Mary MacKillop
Gospel reading for this week’s reflection:
Luke 1:26-38
Commentary on God’s Call
Not many people think of their lives as being easy, and you’d be hard pressed to say that Mary MacKillop had it easy, yet compared with Mary of Nazareth our lives really are very easy. Their easy because we have someone to follow, we have a guide in life someone to turn to in times of need, someone to carry us when life gets us down, but Mary had no one.
Mary was asked to birth a new world order, she was asked to risk her relationship with Joseph, to risk becoming an outcast of society, to give up what little she had and all of this she did with only her faith in God to see her through. In accepting the call of God she became Shepherd to the World, she showed us how to live a life of a faith filled service and gave us the greatest Christmas present imaginable: our Lord.
Imagine what it must have been like for her, she had no guide to follow, no Gospel to turn to, no Saint to look to for an answer, she was asked to be the first light of the new dawn. She bore to life a radical way of living, a way so radical that even today people try to dull it down, try to shift focus from the Gospels to human institutions, from the spiritual to the festive. But Mary is our way back to what Christmas is about, to what our faith is about because it is with her that it started, she shows us what living for the common good truly entails and her example calls us to turn from individualism to societal concerns.
Mary MacKillop like the Mary before her had a new and difficult path to forge in Australia; she, like Mary, said ‘yes’ to God. She said yes to actively thinking and engaging with her environment, to seeing the problems of society around her and working at way of healing those problems, not stop-gap measures or meaningless aid. Her efforts to educate carry through to our generation when we see the children of her schools educated, productive members of society who give back through their lives what they received through the instruction of Mary’s sisters.

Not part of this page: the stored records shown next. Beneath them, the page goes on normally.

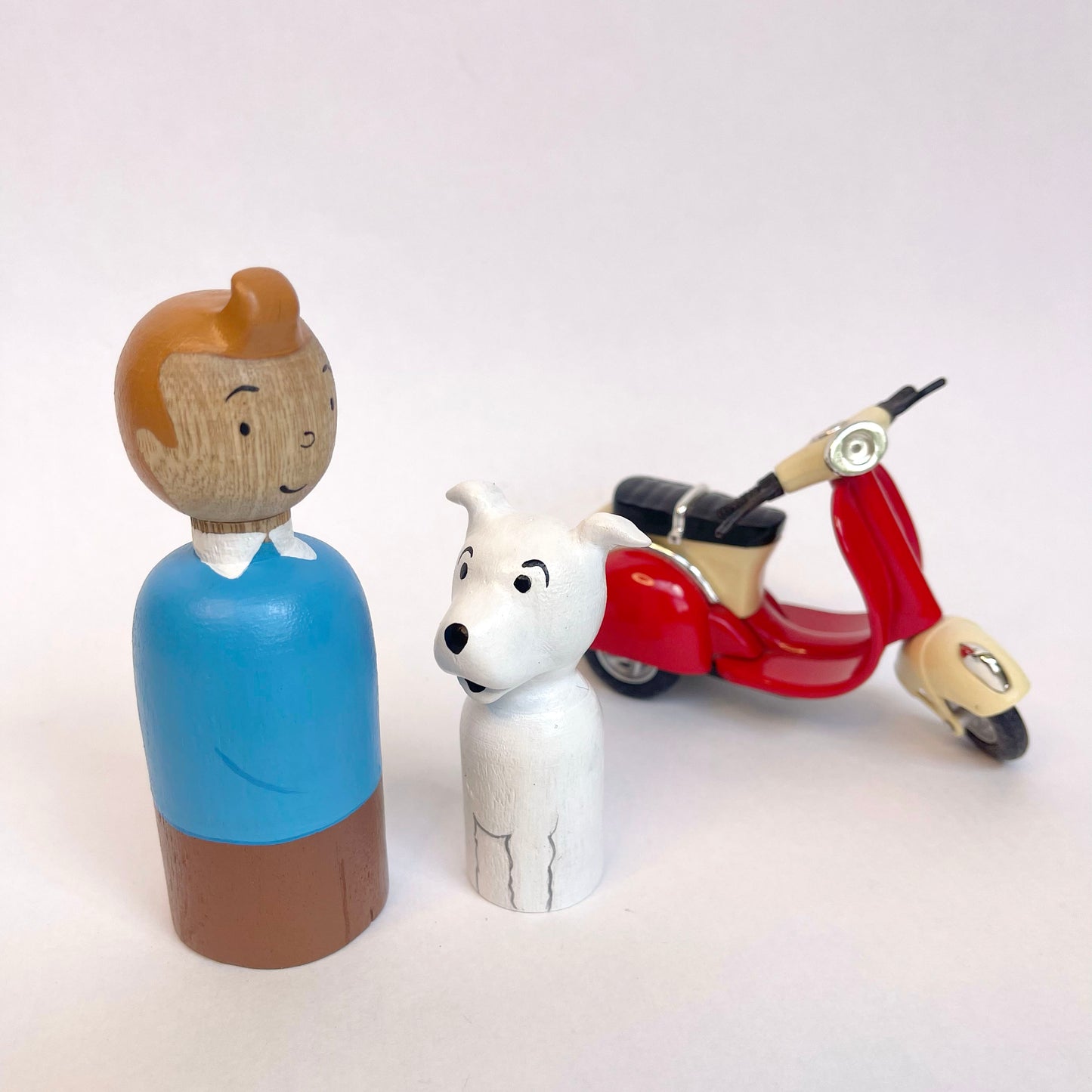 The Adventures of Tin Tin & Milu – Handmade Wooden Characters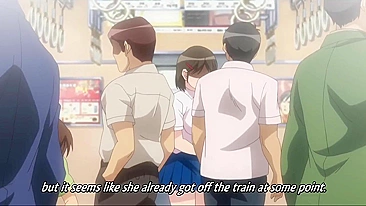 Hentai virgin schoolgirl has public train sex with people watching.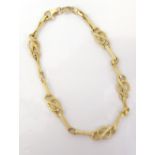 EIGHTEEN CARAT GOLD FANCY LINK BRACELET with textured finish, approximately 2.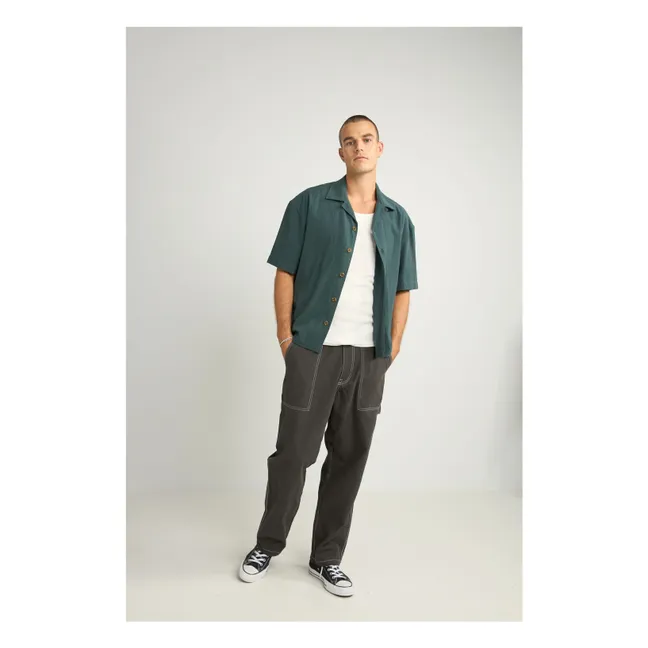 Camisa relajada con textura | Verde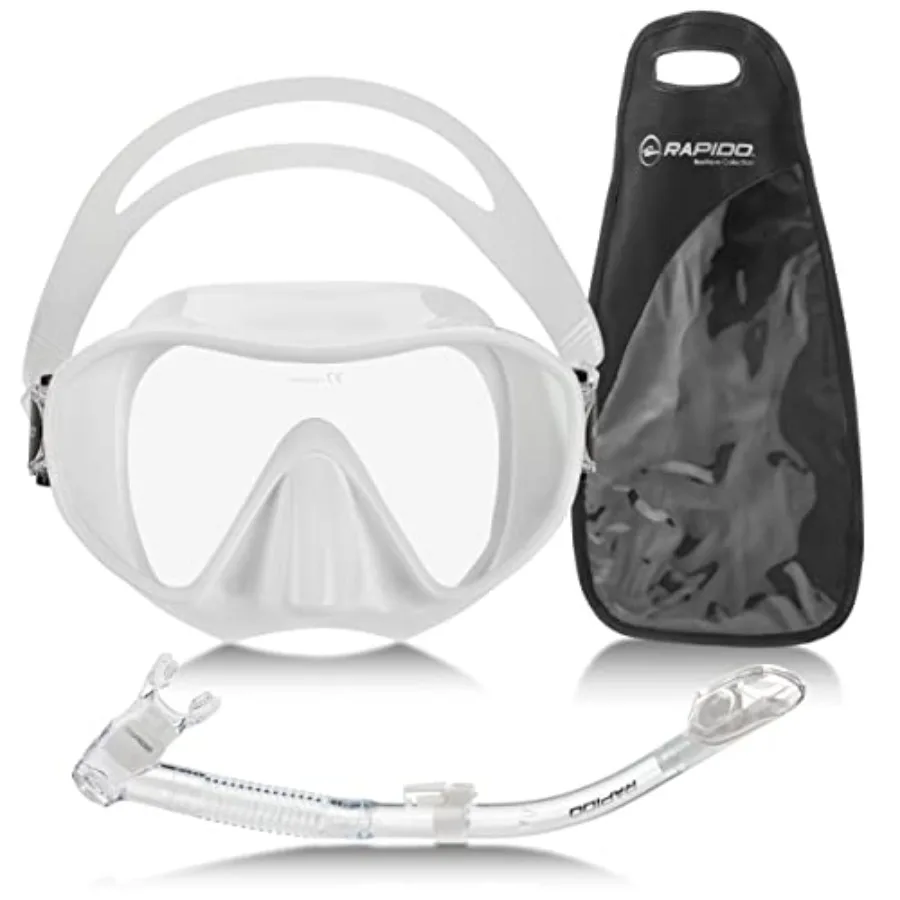 Rapido Active Frameless Mask and Snorkel Combo for snorkeling, silicone and polycarbonate, black and transparent, ultra-low vol
Rapido Active Frameless Mask and Snorkel Combo for snorkeling, silicone and polycarbonate, black and transparent, ultra-low vol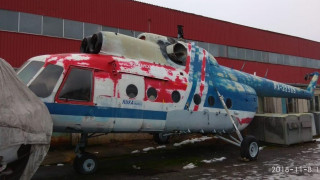 The Mi-8 helicopter on a pedestal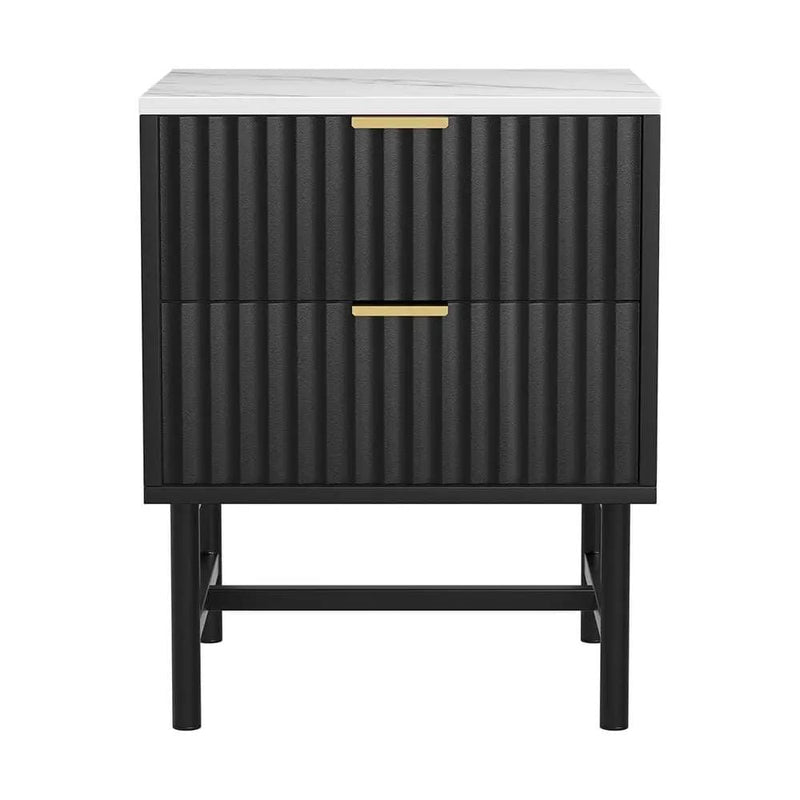 Artiss Bedside Table 2 Drawers - Black – view 3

Mary said ‘yes’ to starting a new style of religious life, one that matched the dreams of the new nation, one not contained by location but spread out as far as the people settled. She faced so many challenges in her life: she was excommunicated for her unwillingness to yield the call of God in favour of the call of a Bishop. But at each turn she found not loneliness and despair but the love of God, the same love that inspired Mary of Nazareth to heed her call and throw caution to the wind. When denied a bed for the night in a local convent Mary MacKillop was offered shelter at a local hotel, hardly a place for a model nun but the perfect place for a disciple of Jesus. Denied the presence of her Lord by Bishop Sheil; the Jesuits gave Mary MacKillop Mass and to this day honour her place among them and continue to show her and her followers the light and love of God.
Mary MacKillop’s life, like Mary of Nazareth before her show us that while a life of service is marked with pitfalls and exclusion it is filled by the love of God and brings so much love to those brave enough to share in it.
Questions to Ponder
Picture yourself in the reading, where are you? Inside the room, speaking with Gabriel, beside Mary or watching from afar? What does your place in the story say about you?

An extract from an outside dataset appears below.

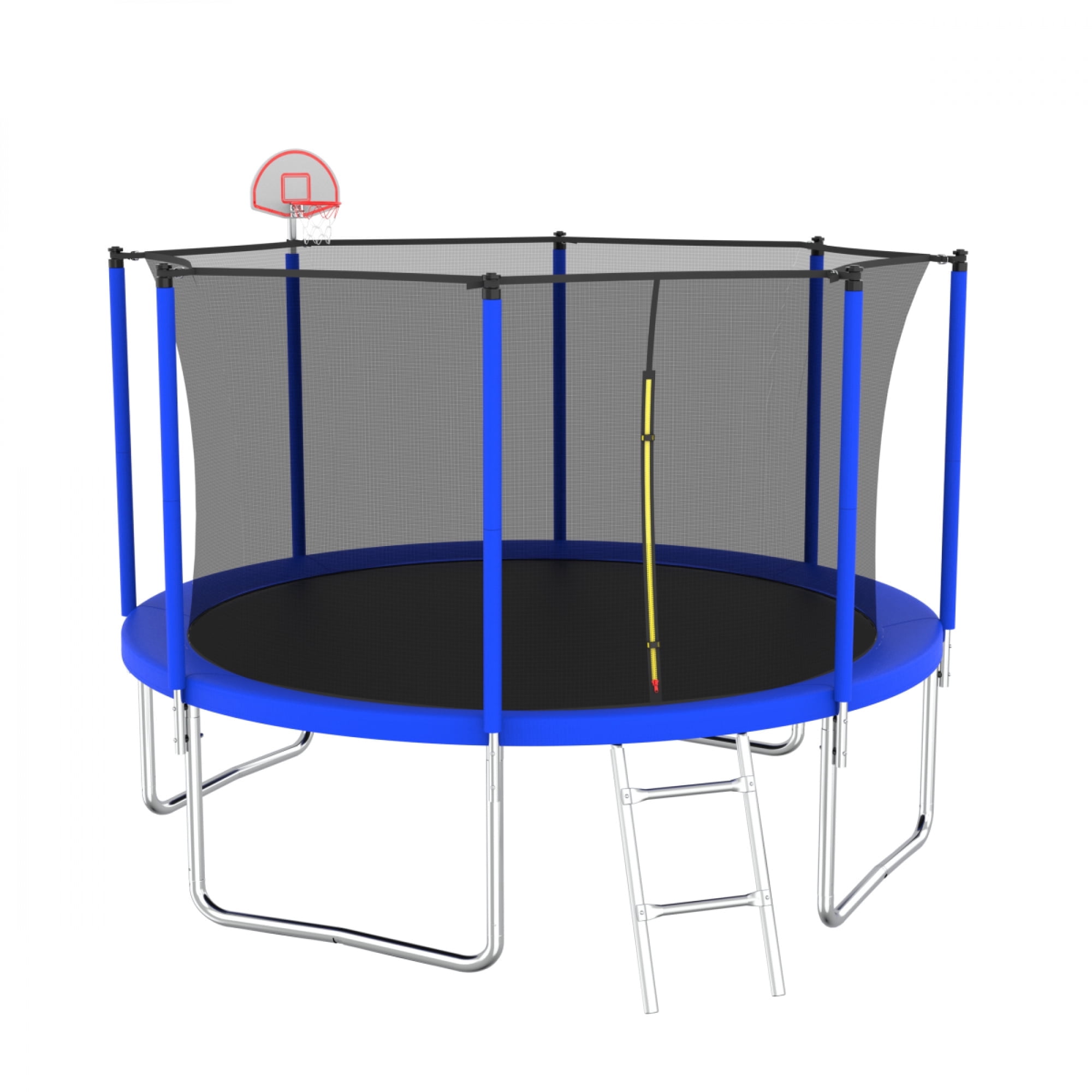 12FT Trampoline for Kids & Adults - Basketball Hoop with Ball, Recreational Trampoline with Safety Enclosure for Backyard Outdoor,Blue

What do you think of Mary’s acceptance of God’s call? What does her acceptance say about Mary MacKillop’s following of God?
How does the story speak to you about your own following of God in life?
Shepherd to the World
“Let it happen to me as you have said.”
With these words the world was born
Her strength of courage larger than the ‘verse itself
She had no guide to follow; no shepherd to tend her.

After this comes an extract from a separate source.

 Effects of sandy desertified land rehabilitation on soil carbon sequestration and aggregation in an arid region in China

Alone, terrified, disturbed by what faced her
She did not baulk from her God
She did not shirk her duty
Mary stepped up to the challenge of birthing the new world order.
Jesus was not there to lead her
There were no disciples spreading the Good News
Mary had no Cup to drink from, no water to walk over
Alone, terrified, disturbed, she faced her faith.
She had no guide to follow; in acceptance she became Shepherd
Dawning the way forward to new life with courage unmatched by any disciple
Through the simplest of words she gave new life to us all:
“Let it happen to me as you have said.”